37 A na świtaniu, gdy strawił wino Nabal, powiedziała mu żona jego te słowa, i obumarło serce jego wewnątrz, i stał się jako kamień.
38 A gdy minęło dziesięć dni, zabił Pan Nabala, i umarł.
39 Co gdy usłyszał Dawid, że umarł Nabal, rzekł: Błogosławiony Pan, który osądził sprawę zelżywości mojéj z ręki Nabalowéj, a sługę swego uchował ode złego, a złość Nabalowę oddał Pan na głowę jego. Posłał tedy Dawid i mówił do Abigail, żeby ją, wziął sobie za żonę.
40 I przyszli słudzy Dawidowi do Abigail do Karmela, i mówili do niéj, rzekąc: Dawid posłał nas do ciebie, aby cię wziął sobie za żonę.

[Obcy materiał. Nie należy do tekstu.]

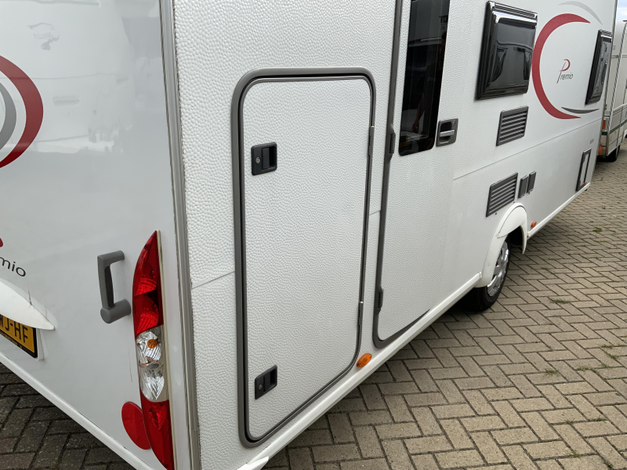Bürstner Premio 485 TK Met hagelschade. (1059172)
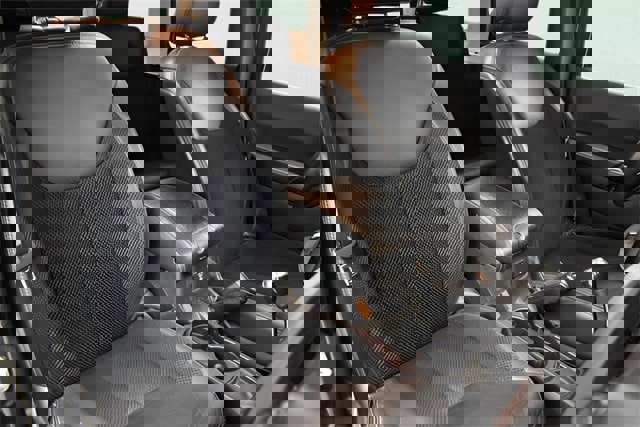 Used 2017 Jeep Wrangler Unlimited Sahara image 6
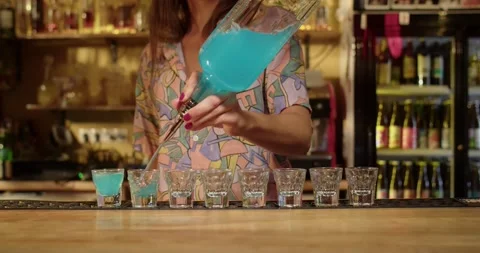 Bartender serving shots Stock Footage 203898999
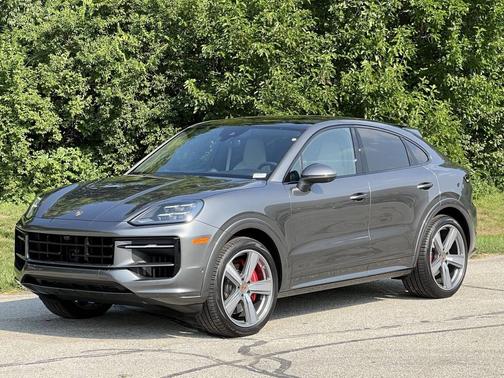 2025 Porsche Cayenne 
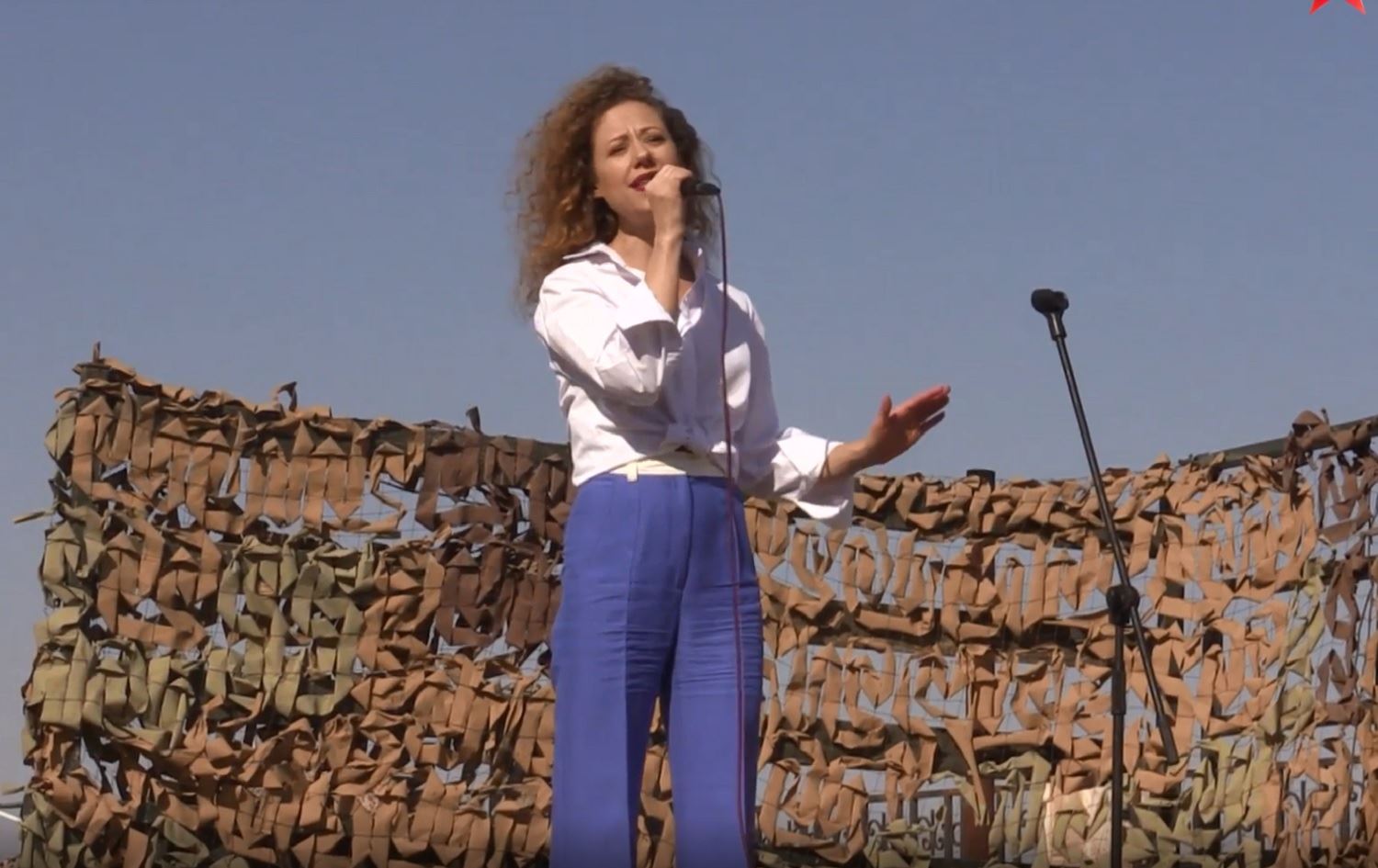 Stranbêja Rûs Utah li Dêrezorê ji leşkerên Rûs re stran gotin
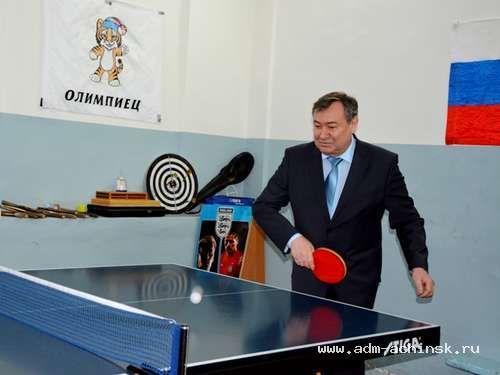 Глава города Ачинска Илай Ахметов проинспектировал два клуба по месту жительства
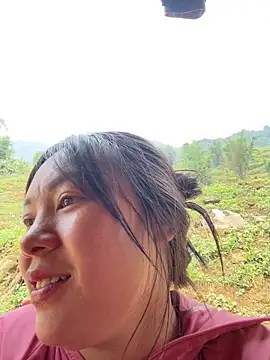 daisy-yeu online show from April 28, 5:11 am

41 Która powstawszy pokłoniła się obliczem do ziemie i rzekła: Oto służebnica twoja niechaj będzie sługą, aby umywała nogi sług Pana mego.
42 I pośpieszyła się Abigail i wsiadła na osła, i pięć panien jéj służebnych poszły z nią, i jechała za posłańcy Dawidowymi i była żoną jego.

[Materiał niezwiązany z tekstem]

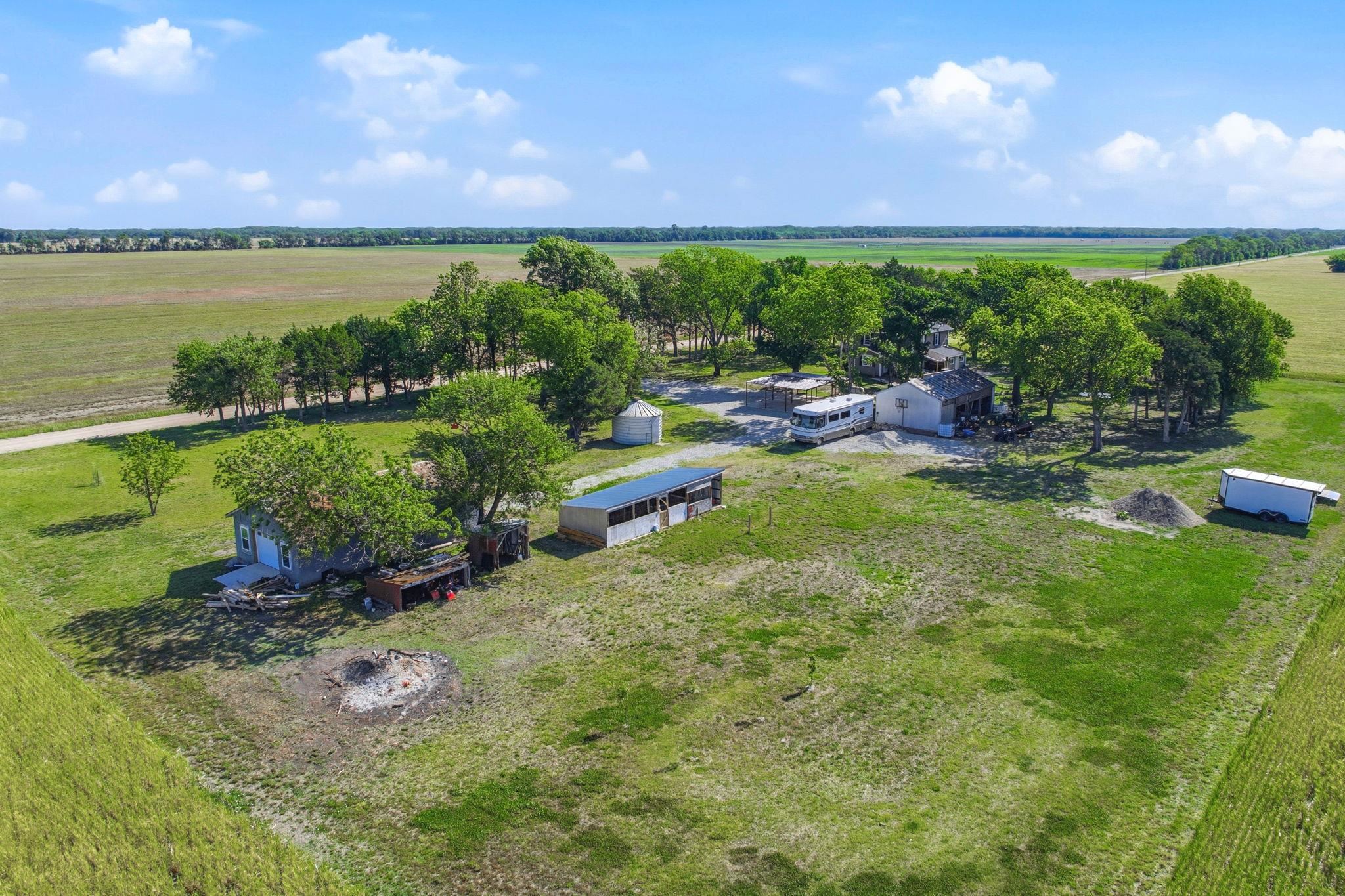 1625 E 60th Avenue N Belle Plaine KS 67013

43 Ale i Achinoam wziął Dawid z Izraela: i były obie żonami jego.
44 A Saul dał Michol, córkę swą, żonę Dawidowę, Phaltemu, synowi Lais, który był z Gallim.
- ↑ Eccl. 46, 23. ( Błąd w druku; odsyłacz do Księgi Mądrości Syracha, nie występującej w tym wydaniu Biblii.)